Options propagate through inheritance: a subclass of a ``"frozen"`` class is
also frozen.

Backend composition (``from_tensordict``)
-----------------------------------------

``TypedTensorDict`` can wrap any ``TensorDictBase`` backend via
``from_tensordict(td)``.  The backend is stored live (zero-copy); mutations
through the typed wrapper go directly to the underlying storage:

.. code-block:: python

  >>> from tensordict import TensorDict
  >>>
  >>> td = TensorDict(
  ...     eta=torch.randn(5, 3), X=torch.randn(5, 4), beta=torch.randn(5, 1),
  ...     batch_size=[5],
  ... )
  >>> state = PredictorState.from_tensordict(td)
  >>> state.eta.shape
  torch.Size([5, 3])
  >>> state.eta = torch.ones(5, 3)  # writes to td
  >>> (td["eta"] == 1).all()
  True

This works with any backend: ``PersistentTensorDict`` (H5),
``TensorDictStore`` (Redis), ``LazyStackedTensorDict``, memory-mapped
``TensorDict``, etc.  See the :doc:`../compatibility` page for full
details and examples.

Pass ``check=False`` to wrap an empty or partially-filled backend (e.g. a
pre-allocated ``TensorDictStore``).  Missing fields will raise at access
time rather than at wrap time:

.. code-block:: python

  >>> store = TensorDictStore(batch_size=[100_000], host="redis-node")
  >>> state = PredictorState.from_tensordict(store, check=False)

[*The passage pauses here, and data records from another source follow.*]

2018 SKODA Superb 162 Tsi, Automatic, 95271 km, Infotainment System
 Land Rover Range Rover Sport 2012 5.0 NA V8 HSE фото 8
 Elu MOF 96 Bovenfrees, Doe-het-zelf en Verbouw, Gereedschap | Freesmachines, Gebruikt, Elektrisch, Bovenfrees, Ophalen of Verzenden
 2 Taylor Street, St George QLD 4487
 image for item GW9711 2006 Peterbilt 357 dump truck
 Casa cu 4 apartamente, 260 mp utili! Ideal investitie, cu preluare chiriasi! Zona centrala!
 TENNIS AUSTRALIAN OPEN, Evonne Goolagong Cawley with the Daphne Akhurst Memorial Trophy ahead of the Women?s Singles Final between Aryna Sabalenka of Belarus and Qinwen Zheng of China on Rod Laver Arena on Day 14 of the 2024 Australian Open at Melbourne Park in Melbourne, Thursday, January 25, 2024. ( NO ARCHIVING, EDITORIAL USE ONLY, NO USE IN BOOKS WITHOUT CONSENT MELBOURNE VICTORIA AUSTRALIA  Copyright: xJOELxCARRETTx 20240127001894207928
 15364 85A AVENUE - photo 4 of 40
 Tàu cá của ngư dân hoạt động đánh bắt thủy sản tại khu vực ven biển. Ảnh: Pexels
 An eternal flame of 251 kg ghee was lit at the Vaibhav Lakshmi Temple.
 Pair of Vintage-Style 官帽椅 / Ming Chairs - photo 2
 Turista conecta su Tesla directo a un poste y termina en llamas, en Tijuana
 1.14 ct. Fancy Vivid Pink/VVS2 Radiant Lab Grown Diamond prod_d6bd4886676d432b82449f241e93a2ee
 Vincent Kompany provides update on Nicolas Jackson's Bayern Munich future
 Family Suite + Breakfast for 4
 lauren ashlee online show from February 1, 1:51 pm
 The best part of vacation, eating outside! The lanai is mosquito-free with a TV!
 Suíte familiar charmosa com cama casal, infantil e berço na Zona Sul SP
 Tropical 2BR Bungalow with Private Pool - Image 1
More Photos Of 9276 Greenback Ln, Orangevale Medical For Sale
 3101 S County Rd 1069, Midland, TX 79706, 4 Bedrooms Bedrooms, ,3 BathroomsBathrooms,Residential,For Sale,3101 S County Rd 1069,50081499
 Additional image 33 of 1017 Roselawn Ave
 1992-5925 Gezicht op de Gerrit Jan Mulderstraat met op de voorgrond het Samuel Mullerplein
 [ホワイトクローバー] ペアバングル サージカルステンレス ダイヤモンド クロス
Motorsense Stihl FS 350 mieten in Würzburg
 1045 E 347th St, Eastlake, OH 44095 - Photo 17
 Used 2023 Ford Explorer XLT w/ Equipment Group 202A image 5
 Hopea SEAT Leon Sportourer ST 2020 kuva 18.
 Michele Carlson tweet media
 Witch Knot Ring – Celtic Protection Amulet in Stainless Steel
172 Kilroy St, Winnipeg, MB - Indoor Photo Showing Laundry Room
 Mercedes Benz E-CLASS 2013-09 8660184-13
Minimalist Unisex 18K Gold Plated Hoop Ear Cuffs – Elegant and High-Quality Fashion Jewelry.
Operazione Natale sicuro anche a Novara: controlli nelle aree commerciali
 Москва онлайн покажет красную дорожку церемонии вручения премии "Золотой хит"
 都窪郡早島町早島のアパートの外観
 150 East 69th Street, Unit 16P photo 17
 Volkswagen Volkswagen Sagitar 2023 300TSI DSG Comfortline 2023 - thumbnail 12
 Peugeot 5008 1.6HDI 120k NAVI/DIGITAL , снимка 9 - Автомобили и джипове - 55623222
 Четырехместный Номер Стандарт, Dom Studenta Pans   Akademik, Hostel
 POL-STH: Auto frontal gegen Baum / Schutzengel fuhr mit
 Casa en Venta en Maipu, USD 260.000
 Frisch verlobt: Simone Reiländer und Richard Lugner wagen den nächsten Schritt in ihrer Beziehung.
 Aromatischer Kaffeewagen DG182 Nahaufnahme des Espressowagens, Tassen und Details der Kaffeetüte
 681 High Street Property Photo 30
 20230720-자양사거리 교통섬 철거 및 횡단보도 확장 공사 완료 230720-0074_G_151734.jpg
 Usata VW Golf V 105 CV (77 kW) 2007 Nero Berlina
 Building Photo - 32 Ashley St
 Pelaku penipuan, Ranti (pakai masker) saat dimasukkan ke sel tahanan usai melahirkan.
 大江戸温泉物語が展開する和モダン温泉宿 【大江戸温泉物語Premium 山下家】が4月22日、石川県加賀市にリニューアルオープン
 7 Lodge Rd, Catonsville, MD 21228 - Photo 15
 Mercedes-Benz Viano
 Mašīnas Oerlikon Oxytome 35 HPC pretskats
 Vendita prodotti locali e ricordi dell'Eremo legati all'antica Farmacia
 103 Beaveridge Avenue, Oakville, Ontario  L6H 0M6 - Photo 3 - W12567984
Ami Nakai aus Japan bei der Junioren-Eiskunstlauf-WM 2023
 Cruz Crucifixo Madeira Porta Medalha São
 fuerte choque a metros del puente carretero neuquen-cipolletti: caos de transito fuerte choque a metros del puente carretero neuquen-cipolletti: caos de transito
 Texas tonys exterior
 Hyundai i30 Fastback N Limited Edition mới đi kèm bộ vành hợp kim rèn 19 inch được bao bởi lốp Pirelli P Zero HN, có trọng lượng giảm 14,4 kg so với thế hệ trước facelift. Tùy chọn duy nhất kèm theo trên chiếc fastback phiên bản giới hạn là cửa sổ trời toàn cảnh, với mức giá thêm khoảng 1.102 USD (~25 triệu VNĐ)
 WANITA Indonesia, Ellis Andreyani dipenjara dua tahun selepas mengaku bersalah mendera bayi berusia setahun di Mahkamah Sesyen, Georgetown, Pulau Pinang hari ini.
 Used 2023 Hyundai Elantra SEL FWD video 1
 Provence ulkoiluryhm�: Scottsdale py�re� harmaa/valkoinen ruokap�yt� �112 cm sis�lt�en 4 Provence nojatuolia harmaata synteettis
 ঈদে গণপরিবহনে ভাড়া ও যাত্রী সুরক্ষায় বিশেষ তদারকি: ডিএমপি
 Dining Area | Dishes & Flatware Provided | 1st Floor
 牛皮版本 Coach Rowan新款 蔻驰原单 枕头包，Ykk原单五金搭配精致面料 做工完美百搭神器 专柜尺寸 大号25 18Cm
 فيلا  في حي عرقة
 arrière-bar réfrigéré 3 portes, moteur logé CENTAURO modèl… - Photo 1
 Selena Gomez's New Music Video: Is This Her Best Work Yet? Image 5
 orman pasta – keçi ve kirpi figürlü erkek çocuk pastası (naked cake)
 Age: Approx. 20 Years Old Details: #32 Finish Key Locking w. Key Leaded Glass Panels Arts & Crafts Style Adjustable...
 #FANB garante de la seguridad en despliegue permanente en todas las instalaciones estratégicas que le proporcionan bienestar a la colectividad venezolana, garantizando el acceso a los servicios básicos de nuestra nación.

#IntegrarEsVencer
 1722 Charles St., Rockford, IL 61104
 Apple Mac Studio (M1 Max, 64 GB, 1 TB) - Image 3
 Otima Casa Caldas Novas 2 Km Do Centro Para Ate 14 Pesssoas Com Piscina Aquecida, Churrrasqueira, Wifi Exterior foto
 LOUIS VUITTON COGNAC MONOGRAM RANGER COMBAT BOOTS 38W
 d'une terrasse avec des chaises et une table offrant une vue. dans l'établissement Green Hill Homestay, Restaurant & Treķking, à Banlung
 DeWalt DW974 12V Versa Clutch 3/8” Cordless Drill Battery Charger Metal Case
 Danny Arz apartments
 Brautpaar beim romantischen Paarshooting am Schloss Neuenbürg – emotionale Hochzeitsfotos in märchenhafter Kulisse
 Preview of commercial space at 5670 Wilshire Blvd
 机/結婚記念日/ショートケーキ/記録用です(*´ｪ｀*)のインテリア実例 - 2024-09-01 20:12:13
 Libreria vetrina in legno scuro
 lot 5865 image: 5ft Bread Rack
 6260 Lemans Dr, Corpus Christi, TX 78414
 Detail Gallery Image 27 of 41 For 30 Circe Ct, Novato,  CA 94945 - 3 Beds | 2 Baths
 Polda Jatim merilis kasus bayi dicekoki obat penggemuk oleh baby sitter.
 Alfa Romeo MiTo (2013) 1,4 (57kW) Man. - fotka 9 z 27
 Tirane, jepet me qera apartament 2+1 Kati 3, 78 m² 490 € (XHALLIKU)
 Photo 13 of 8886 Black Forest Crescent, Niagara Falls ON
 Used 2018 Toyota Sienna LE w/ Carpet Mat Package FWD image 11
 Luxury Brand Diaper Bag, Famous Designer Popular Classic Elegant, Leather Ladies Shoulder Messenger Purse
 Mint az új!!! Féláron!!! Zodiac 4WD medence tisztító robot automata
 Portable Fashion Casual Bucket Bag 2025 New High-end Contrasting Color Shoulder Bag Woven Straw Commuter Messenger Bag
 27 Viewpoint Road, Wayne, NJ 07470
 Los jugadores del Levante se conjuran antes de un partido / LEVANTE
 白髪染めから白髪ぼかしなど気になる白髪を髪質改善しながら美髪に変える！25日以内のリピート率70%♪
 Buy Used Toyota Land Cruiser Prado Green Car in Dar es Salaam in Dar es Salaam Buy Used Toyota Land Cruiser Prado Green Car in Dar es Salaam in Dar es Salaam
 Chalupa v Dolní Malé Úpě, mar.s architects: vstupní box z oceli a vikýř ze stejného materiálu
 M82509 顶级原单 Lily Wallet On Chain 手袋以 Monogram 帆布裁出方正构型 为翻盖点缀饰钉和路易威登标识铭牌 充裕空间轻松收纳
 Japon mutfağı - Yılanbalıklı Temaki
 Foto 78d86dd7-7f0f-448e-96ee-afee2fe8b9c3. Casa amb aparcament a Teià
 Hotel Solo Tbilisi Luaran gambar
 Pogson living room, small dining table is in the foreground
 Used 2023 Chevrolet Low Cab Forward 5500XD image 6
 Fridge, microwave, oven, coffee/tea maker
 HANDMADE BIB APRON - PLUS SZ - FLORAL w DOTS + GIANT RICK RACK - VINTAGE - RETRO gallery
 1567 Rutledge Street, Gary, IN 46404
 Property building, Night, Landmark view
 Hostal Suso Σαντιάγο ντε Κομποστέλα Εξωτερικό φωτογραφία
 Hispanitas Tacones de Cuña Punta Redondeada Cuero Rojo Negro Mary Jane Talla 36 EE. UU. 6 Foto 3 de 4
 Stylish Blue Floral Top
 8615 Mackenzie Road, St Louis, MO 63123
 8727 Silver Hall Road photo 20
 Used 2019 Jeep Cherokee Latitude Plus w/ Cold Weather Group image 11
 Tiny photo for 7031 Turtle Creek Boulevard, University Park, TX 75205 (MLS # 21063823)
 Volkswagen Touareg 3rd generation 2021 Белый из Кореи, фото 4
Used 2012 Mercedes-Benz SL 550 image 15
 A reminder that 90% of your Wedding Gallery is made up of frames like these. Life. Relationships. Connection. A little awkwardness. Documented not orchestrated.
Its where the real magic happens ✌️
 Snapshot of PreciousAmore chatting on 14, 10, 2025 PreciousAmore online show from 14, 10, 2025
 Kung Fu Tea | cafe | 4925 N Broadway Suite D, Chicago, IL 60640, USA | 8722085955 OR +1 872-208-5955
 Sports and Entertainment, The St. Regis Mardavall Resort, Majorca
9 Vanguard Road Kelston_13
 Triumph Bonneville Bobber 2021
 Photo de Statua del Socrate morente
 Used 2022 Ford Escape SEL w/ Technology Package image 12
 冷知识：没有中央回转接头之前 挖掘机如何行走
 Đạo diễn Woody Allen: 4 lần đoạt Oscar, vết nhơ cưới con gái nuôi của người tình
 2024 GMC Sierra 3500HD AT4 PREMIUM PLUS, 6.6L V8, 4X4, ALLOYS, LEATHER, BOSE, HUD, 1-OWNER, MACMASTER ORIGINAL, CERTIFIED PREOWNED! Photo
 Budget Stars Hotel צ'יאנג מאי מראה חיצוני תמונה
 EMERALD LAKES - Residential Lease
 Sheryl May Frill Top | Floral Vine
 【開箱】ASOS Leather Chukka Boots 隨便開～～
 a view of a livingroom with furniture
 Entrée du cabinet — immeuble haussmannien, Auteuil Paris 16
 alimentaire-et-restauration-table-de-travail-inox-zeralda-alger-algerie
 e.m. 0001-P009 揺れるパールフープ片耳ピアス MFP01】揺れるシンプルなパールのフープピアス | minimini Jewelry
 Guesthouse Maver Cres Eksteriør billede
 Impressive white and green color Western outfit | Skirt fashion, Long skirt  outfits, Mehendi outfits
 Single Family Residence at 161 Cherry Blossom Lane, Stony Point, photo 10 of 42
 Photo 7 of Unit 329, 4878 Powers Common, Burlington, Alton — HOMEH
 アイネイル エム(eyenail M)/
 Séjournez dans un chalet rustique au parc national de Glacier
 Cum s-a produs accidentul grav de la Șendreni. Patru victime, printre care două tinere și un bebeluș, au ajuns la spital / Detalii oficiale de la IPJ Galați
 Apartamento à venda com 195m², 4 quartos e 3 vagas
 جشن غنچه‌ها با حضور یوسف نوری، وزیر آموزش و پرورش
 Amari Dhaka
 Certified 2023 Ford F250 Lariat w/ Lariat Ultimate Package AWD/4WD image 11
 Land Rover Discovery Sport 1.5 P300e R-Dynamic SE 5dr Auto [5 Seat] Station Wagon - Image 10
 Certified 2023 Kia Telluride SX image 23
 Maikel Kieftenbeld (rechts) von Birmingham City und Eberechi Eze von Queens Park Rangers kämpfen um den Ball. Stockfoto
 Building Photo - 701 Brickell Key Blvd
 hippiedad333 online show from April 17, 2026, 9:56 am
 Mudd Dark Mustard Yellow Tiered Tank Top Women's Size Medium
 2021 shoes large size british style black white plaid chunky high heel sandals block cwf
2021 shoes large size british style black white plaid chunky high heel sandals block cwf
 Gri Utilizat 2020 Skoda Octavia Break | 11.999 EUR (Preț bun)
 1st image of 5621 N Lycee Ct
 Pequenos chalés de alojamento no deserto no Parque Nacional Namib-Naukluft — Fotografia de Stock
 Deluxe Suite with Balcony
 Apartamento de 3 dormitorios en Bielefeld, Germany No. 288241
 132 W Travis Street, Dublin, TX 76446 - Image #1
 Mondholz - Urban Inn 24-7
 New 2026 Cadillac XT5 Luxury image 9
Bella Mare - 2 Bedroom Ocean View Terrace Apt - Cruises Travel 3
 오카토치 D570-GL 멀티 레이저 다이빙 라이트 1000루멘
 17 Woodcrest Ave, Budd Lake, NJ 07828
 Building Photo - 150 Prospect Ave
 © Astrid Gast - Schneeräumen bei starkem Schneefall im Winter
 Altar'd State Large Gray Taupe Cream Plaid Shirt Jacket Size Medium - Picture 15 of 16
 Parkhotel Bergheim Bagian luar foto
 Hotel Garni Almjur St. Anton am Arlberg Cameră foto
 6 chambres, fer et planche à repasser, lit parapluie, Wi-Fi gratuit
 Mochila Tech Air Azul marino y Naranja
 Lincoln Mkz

See :ref:`pre-allocating on Redis <compat-redis-prealloc>` in the
compatibility guide for the full workflow.

TensorDict operations
---------------------

Every ``TensorDictBase`` operation works on ``TypedTensorDict`` instances:

.. code-block:: python

  >>> state = PredictorState(
  ...     eta=torch.randn(5, 3), X=torch.randn(5, 4), beta=torch.randn(5, 1),
  ...     batch_size=[5],
  ... )
  >>> state.to("cpu").device
  device(type='cpu')
  >>> state.clone()["eta"].shape
  torch.Size([5, 3])
  >>> state[0:3].batch_size
  torch.Size([3])
  >>> torch.stack([state, state], dim=0).batch_size
  torch.Size([2, 5])

This includes ``.memmap()``, ``.apply()``, ``torch.cat``, ``torch.stack``,
``.unbind()``, ``.select()``, ``.exclude()``, ``.update()``, and all other
``TensorDictBase`` methods.

Type checking
-------------

``TypedTensorDict`` uses ``@dataclass_transform()`` (PEP 681) on its metaclass.
This means type checkers (pyright, mypy) understand:

- **Constructor signatures** -- missing or extra fields are flagged.
- **Attribute access** -- ``state.eta`` is typed as ``Tensor``, and typos like
  ``state.etta`` produce errors.
- **Inheritance** -- subclass fields include parent fields.

String-key access (``state["eta"]``) works at runtime but does not get type
narrowing without a dedicated type checker plugin. For typed access, prefer
dot notation (``state.eta``).

.. autosummary::
    :toctree: generated/
    :template: td_template.rst

    TypedTensorDict